Michael Totten

Long live the peace process

By Noah Pollak
President Bush’s “speech Monday”:http://www.whitehouse.gov/news/releases/2007/07/20070716-7.html about the Israeli-Palestinian conflict reminded me of an old joke: A physicist, a chemist, and an economist are stranded on an island with nothing to eat, and a can of soup washes ashore. The physicist says, “Let’s smash the can open with a rock.” The chemist says, “Let’s build a fire and heat the can first.” And the economist says, “Assume a can opener.”
The Bush administration, along with most of those who have been involved in promoting Palestinian statehood, have been assuming a peace process since Israel won the Intifada, Yasser Arafat died, and Mahmoud Abbas became the PA president. But the fundamental characteristic of the post-Intifada era is the peace process’s otherworldliness, its detachment from facts on the ground, its salience among internationalists, journalists, and diplomats, but not among the people of Gaza or the West Bank. This era has been for the Palestinians one of settling into a new reality — one that has meant, for example, that the profound cultural and religious differences between the Arabs of Gaza and of the West Bank have at last imposed themselves as political realities. And this settling in has meant that the Palestinian territories are joining many other areas of the Middle East in being weak states, tribal regions where government authority is weak, corrupt, and disorganized, and the political leaders that westerners would like to work with have disturbingly little control over the factions within their territory. Palestinian nationalism and the Fatah mafia have never been weaker.
And so President Bush announced Monday that “First, we are strengthening our financial commitment.” And second, “we’re strengthening our political and diplomatic commitment” and “strengthening our commitment to helping build the institutions of a Palestinian state.” Bush continued, declaring that in order for a state to emerge, Palestinians

must match their words denouncing terror with action to combat terror. The Palestinian government must arrest terrorists, dismantle their infrastructure, and confiscate illegal weapons — as the road map requires. They must work to stop attacks on Israel, and to free the Israeli soldier held hostage by extremists. And they must enforce the law without corruption, so they can earn the trust of their people, and of the world. Taking these steps will enable the Palestinians to have a state of their own. And there’s only way to end the conflict, and nothing less is acceptable.

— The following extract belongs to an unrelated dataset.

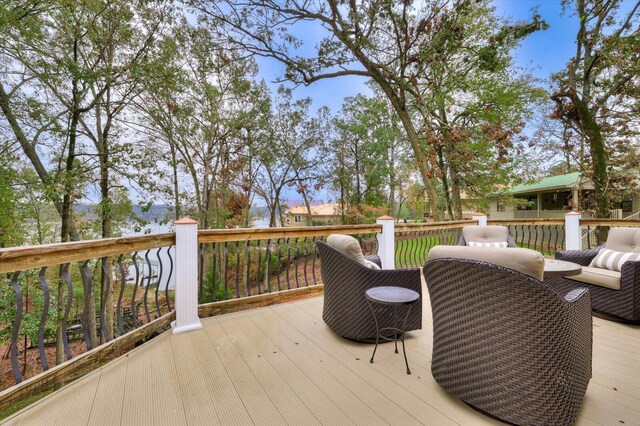 view of deck at dusk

This is a high bar, and given the track record of the kind of Palestinian governance that the world has witnessed since Yasser Arafat returned from exile in 1994, a preposterously, impossibly high bar. It is doubtful that President Bush or all but a few incredibly credulous people in his government believe that today, after what happened in Gaza last month, hundreds of millions more in aid money, or yet another international conference, will midwife a Palestinian state. Democratic nations are built from the inside out by single-minded, ambitious leaders working on behalf of a population that has internalized not just nationalist cultural beliefs, but the requirements of consensus-based majoritarian politics. Those characteristics have been evident among Palestinians in only the most desultory manner.
Thus it is difficult to believe that the administration’s latest maneuvers and declarations are earnestly directed at state-building. They are necessary and expedient because they satisfy important diplomatic constituencies, will help America in its other Middle East projects, and represent a general continuation of American policy toward the Palestinians that Bush declared in his “Rose Garden speech”:http://www.whitehouse.gov/news/releases/2002/06/20020624-3.html in June 2002. American goals since Hamas took Gaza must necessarily be modest, and directed at a new bottom line for the West Bank, a bottom line that America, Israel, Jordan, and even most Palestinians have a shared interest in protecting. And that is to prevent what happened in Gaza from happening in the West Bank, to ensure that Hamas’ ambition, fueled by Iranian money and leadership, finds no foothold in a geographic area that is more populous than Gaza and much more difficult for Israel — and Jordan — to contain.
And so the money and political attention that the world promises will come rushing into the West Bank are not likely to bring us any closer to a Palestinian state, but they might help the Abbas government consolidate its power: Salaries will be paid, militias will be armed, jobs will be created, and patronage networks will be built. All of this will hopefully be sufficient to prevent the West Bank from sliding toward complete internal collapse, toward Islamism, or both. In this way Fatah and the West Bank may be kept, in some kind of messy and largely unproductive manner, in the western diplomatic orbit. The peace process is dead. Long live the peace process.